The lack of association between ageist attitudes and frailty may be explained by some of the characteristics of the study sample. The mean age of this sample is sixty which may be early in the course of frailty for most participants. Frailty is more common with older age and in women; conceivably, in a sample with more older women, an association may occur. The KAOP scale assesses individuals’ attitudes toward typical older adults on several domains, it does not evaluate the domain of personal attitudes to oneself as other scales. This dissociation between attitudes toward one’s own aging as compared to other older persons has been reported [30, 31]. Measures that focus on self-perceptions of aging domains may be more likely associated with frailty and conditions associated with frailty as shown by others [7,8,9,10,11,12,13,14,15,16]. In terms of implicit attitudes, Levy et al. has shown in experimental studies that individuals’ exposure to subliminal negative implicit primes was associated with behavioral, psychological and physiological deleterious changes [11, 32, 33] which if persistent and long-lasting may at least theoretically be associated with the eventual development of frailty. Another factor is that despite their high multimorbidity burden veterans have access to an integrated healthcare system that provides a range of medical and social services which may ameliorate the possible negative effects of ageist attitudes on their health.
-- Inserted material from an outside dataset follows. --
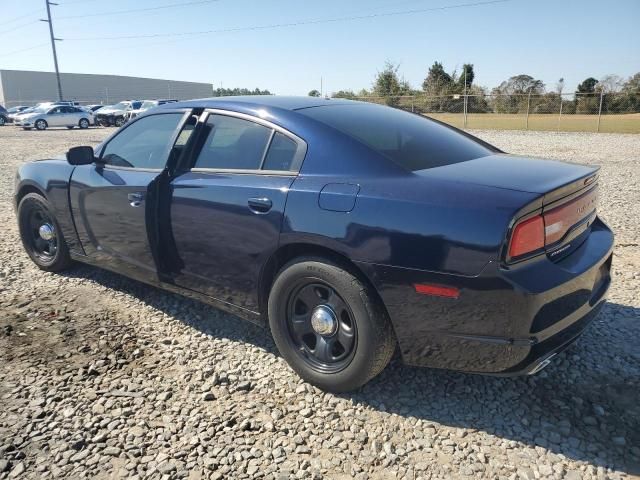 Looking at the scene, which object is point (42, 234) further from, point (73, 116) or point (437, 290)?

Efforts in an integrated healthcare system may ensure adequate support for patient self-management activities, enhanced communication, and care coordination programs within a mature patient centered medical home model [34].
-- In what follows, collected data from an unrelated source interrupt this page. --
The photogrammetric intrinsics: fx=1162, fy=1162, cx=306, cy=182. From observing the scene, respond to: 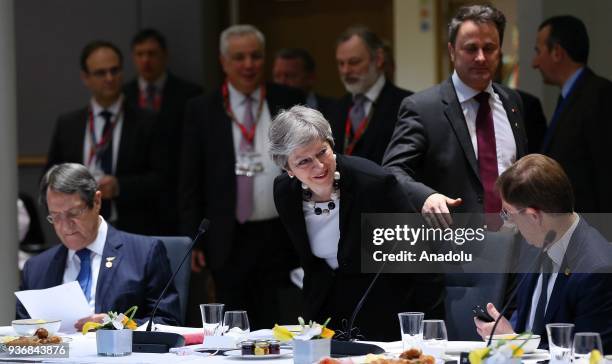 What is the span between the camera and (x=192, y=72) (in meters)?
8.34

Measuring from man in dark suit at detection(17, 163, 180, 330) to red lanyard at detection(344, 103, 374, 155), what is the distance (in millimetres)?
1486

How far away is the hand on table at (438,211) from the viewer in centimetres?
444

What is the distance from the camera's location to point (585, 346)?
3152 mm

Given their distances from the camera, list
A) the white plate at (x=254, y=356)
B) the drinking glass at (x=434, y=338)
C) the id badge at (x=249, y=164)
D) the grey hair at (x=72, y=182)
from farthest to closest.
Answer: the id badge at (x=249, y=164)
the grey hair at (x=72, y=182)
the white plate at (x=254, y=356)
the drinking glass at (x=434, y=338)

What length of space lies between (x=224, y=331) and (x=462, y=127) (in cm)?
162

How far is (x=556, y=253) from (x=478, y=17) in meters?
1.56

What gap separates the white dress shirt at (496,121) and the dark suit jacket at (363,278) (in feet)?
2.30

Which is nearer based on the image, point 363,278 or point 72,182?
point 363,278

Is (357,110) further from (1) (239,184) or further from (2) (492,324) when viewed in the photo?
(2) (492,324)

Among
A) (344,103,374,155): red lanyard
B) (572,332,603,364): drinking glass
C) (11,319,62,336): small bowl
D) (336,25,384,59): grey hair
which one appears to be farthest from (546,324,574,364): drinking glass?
(336,25,384,59): grey hair

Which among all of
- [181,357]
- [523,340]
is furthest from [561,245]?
[181,357]

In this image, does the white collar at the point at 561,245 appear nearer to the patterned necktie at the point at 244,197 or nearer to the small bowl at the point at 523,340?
the small bowl at the point at 523,340

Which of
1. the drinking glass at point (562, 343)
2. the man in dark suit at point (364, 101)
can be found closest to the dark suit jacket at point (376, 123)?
the man in dark suit at point (364, 101)

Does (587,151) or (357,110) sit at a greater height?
(357,110)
Our sample is relatively younger than that of most other studies using the frailty index. The Canadian Health Measures Study, using the frailty index estimated a prevalence of frailty of 20.2% in adults 50–65 years old [35], which is lower that the 29.40% we found. However, the prevalence of frailty is our study is comparable to that found in the largest, nationwide prevalence study of US Veterans receiving care at Department of Veterans Affairs (VA) Medical Centers [2]. US Veterans have lower socioeconomic and educational status, increased rates of disability, multimorbidity, mental illness, social isolation, substance abuse, and homelessness, variables often associated with frailty [3, 36].
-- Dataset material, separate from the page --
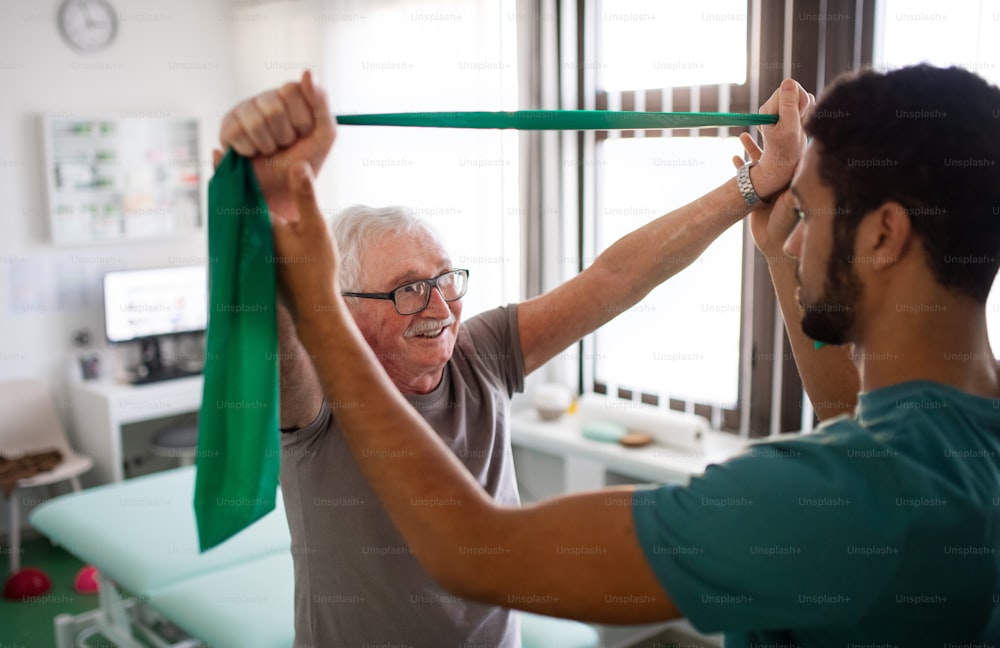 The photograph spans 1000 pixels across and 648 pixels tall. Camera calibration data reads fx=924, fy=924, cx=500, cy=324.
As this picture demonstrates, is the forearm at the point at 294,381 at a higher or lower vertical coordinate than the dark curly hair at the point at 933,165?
lower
Strengths of this study include the large number of Veterans with thorough assessments of explicit and implicit ageist attitudes as well as the use of a validated process to calculate the FI incorporating comprehensive electronic health record data. There are a few limitations. Our participants were part of a convenience instead of a randomly selected sample. The study was also limited to patients at one VA medical center who may be different in from other Veterans’ facilities in the US in terms of ethnic, racial, educational, and socio-economic characteristics. The sample was predominantly White and male which could limit the generalizability of the findings to other racial and ethnic groups as well as females. The cross-sectional design of our study may limit our conclusions about the causal effect of explicit and implicit ageism on frailty. Nonetheless, our results and conclusions may have important clinical implications for the field of ageism research encouraging future research. Future research may benefit from investigating whether explicit and implicit ageism predicts frailty in longitudinal studies including assessment of attitudes toward their own aging process, including more diverse samples, and studying the influence on frailty of the interaction between individuals holding ageist attitudes and their healthcare systems.

Conclusions

The study reveals that neither explicit nor implicit ageist attitudes were associated with frailty after adjustment for covariates. Future research may wish to examine differences between older individuals from more diverse samples and as part of longitudinal studies.